Barbera is the second most planted grape in Italy; only Sangiovese is more heavily planted. Although it is a fantastic wine with unique characteristics unlike most red wines, it has just never made it as number one.
Similarly, Linda Fiorentino has been fantastic in many movies but has never reached the associated “star power.” Nebbiolo and Dolcetto grapes aren’t as widely planted as Barbera but tend to be more popular. Italy has wine appellations named for the grape and even different styles of Barbera wine making. There is Barbera D’Asti (dry and full bodied, 85 percent Barbera grapes) and Barbera D’Alba (medium bodied and acidic, 100 percent Barbera grapes), just to name a couple. Both are different appellations in the Piedmont region of Italy and both wines must have a minimum alcohol content of 12 percent just to be called a Barbera.

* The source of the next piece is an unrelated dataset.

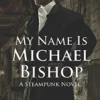 My Name Is Michael Bishop: A Steampunk Novel steampunk buy now online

Barbera grapes have been grown in Italy since at least the 13th century. In the late 20th century the Piedmont region (Barbera’s home region) was rocked by a scandal when it was found that Barbera wines of the area were being spiked with methanol to raise the alcohol content. The deplorable deed left many people blinded and there were several deaths. This caused the popularity of the grape to decline and thousands of acres of vines were ripped from the ground, but in recent years it is finding its popularity again. In her time Linda Fiorentino has had her scandals that also have fallen to the wayside. And if it wasn’t obvious, Linda Fiorentino is Italian also.
Barbera grapevines thrive in hot weather and can develop a very high sugar content which leads to a wine with a high alcohol content. I think one of the reasons that I like Barbera so much is that it is (to me) very reminiscent of port. The fruity taste with the high alcohol burn makes Barbera seem like a mild port. Barbera grapes are fairly disease- and pest-resistant and the grapes are small but intense … I’ll steer clear of any Linda Fiorentino comparisons or jokes at this time.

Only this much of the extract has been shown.